OSPEDALE: I MEDICI DI FAMIGLIA HANNO FATTO IL LORO DOVERE - RICEVIAMO E PUBBLICHIAMO 
A cura di Redazione Sette Giorni,  pubblicato il   04/08/2021 00:00:08 

 

Caro direttore,

in merito alla lettera pubblicata sul tuo giornale il 23 luglio “Cosa si aspetta a riattivare l’ospedale” dove il lettore esprime le proprie preoccupazioni e la giusta irritazione dei cittadini per il perdurare dei problemi dei servizi sanitari nel Tortonese, che tutti condividiamo, sono rimasto sorpreso e molto dispiaciuto quando il lettore stesso accusa i medici ed in particolare i medici di famiglia di indifferenza rispetto a tale situazione. Vorrei far rilevare che la vicenda della estromissione dal centro vaccinale è semmai emblematica di come le decisioni vengano prese indipendentemente dalla volontà e disponibilità dei medici.

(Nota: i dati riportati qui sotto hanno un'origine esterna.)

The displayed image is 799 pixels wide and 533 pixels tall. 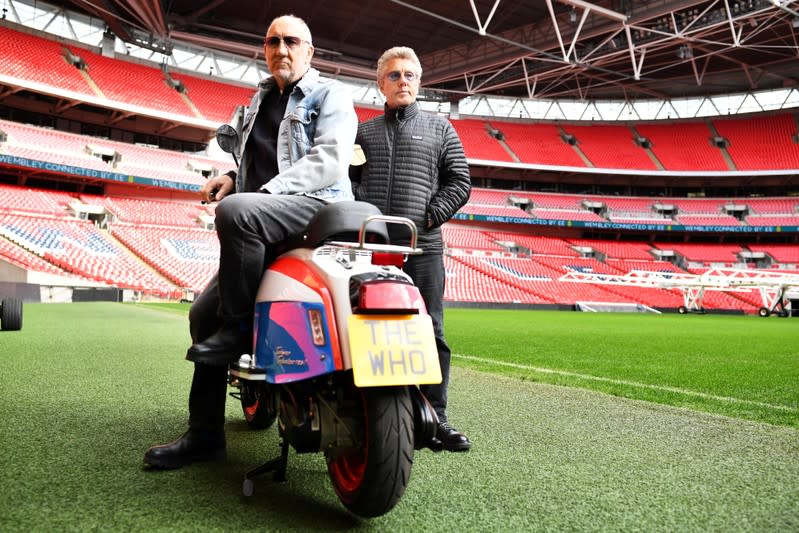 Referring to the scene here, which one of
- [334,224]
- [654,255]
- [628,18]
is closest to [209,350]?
[334,224]

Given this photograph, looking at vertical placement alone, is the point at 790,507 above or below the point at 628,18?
below

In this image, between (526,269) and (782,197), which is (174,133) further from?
(782,197)

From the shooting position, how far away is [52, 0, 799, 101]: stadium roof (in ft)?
84.6

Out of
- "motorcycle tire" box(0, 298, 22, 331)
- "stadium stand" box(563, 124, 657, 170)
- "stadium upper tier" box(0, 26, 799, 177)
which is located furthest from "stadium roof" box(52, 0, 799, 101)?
"motorcycle tire" box(0, 298, 22, 331)

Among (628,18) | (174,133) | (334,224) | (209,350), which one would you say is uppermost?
(628,18)

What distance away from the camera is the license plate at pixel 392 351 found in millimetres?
1682

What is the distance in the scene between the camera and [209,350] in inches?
84.1

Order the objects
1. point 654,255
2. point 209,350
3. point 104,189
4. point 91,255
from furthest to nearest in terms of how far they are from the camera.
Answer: point 654,255
point 104,189
point 91,255
point 209,350

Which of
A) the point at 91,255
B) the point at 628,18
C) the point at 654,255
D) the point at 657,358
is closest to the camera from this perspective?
the point at 657,358

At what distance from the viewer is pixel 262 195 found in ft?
6.82

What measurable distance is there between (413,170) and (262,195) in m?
1.29

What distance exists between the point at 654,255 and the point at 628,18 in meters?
20.3

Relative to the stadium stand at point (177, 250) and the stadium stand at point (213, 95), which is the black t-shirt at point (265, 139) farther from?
the stadium stand at point (213, 95)

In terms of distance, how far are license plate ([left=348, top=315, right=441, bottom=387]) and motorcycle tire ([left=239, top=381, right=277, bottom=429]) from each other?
0.59 meters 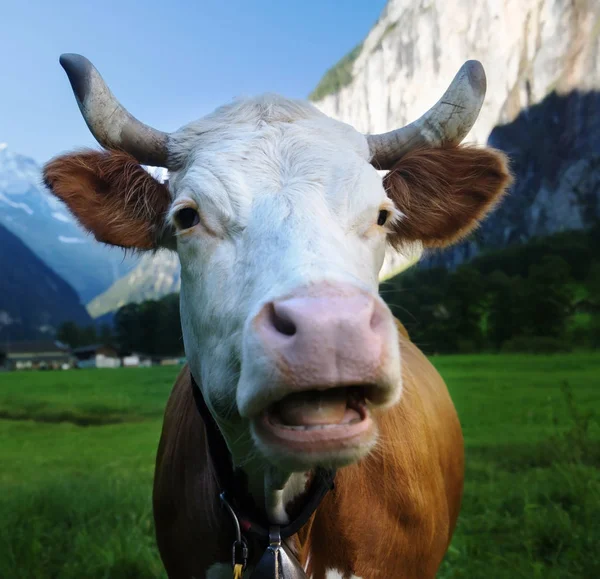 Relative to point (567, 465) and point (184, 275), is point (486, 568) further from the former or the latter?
point (184, 275)

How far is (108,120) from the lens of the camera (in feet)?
8.03

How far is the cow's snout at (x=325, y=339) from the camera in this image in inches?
53.3

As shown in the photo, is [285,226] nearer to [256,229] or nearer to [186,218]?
[256,229]

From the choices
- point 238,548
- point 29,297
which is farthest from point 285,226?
point 29,297

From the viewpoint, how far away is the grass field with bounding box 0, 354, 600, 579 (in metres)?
5.07

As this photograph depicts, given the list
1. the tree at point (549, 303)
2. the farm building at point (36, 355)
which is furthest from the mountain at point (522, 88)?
the farm building at point (36, 355)

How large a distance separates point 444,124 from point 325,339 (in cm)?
169

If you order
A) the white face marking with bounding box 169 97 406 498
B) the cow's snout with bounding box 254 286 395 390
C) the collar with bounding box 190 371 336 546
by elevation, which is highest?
the white face marking with bounding box 169 97 406 498

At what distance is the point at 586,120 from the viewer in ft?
174

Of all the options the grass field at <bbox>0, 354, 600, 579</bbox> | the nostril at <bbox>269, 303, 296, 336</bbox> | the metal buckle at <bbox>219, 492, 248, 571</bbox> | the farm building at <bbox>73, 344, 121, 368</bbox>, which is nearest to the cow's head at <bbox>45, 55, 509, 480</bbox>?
the nostril at <bbox>269, 303, 296, 336</bbox>

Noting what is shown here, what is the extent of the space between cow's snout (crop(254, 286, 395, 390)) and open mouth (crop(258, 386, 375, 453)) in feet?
0.45

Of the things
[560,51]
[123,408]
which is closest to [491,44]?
[560,51]

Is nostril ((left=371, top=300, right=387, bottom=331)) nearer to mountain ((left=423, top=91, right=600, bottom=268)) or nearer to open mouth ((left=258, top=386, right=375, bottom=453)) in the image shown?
open mouth ((left=258, top=386, right=375, bottom=453))

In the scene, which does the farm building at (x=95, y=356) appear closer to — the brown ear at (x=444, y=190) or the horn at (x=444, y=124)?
the brown ear at (x=444, y=190) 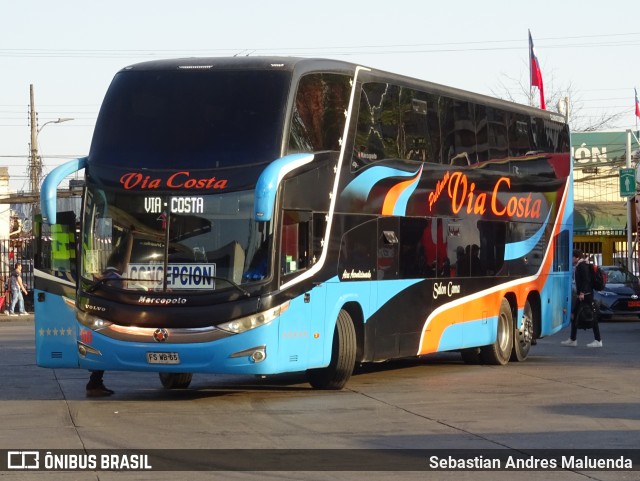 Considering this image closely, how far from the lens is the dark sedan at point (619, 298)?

Devo anche ricordare che da anni, da quando cioè è iniziato il progressivo smembramento del nostro ospedale e di tanti ambulatori ad esso connessi, il dottor Silvio Roldi che rappresenta nel Tortonese il sindacato dei medici di famiglia (Fimmg), e la società medico scientifica (Simg), non ha mai perso occasione di manifestare nelle sedi istituzionali, in particolare nel consiglio dei sanitari della Asl dove sono presenti i rappresentanti di tutte le componenti sanitarie, i disagi che i nostri pazienti devono sopportare per accedere a cure adeguate e tempestive, e con altri medici partecipò alla fiaccolata organizzata nel 2015. Io stesso nel 2016 con i colleghi Cesare Dossena ed Emilia Roveda, con una delegazione di sindaci del Tortonese, venimmo ricevuti dall’allora assessore alla sanità Saitta per chiedere che non venisse chiusa la cardiologia… abbiamo visto come è finita. Più di recente, dal luglio scorso in particolare, in epoca Covid, come presidente della Società Medico Chirurgica Tortonese, ho più volte denunciato la situazione di insostenibile disagio che i pazienti stavano e stanno vivendo, con articoli ed interviste. Certo le mie parole sono sfuggite al lettore ma non alla precedente direzione dell’Asl che mi ha chiesto in modo perentorio con lettera dell’avvocato di dimostrare quanto avevo affermato. Credo quindi di poter affermare che la solidarietà e la vicinanza dei medici ospedalieri e di famiglia non sia mai mancata ai cittadini / pazienti di Tortona e di tutti i paesi circostanti, con i fatti, come è nostro preciso dovere, e sono convinto che per questo non ci sia dovuto alcun encomio ma sono però certo che non meritiamo insulti e disprezzo.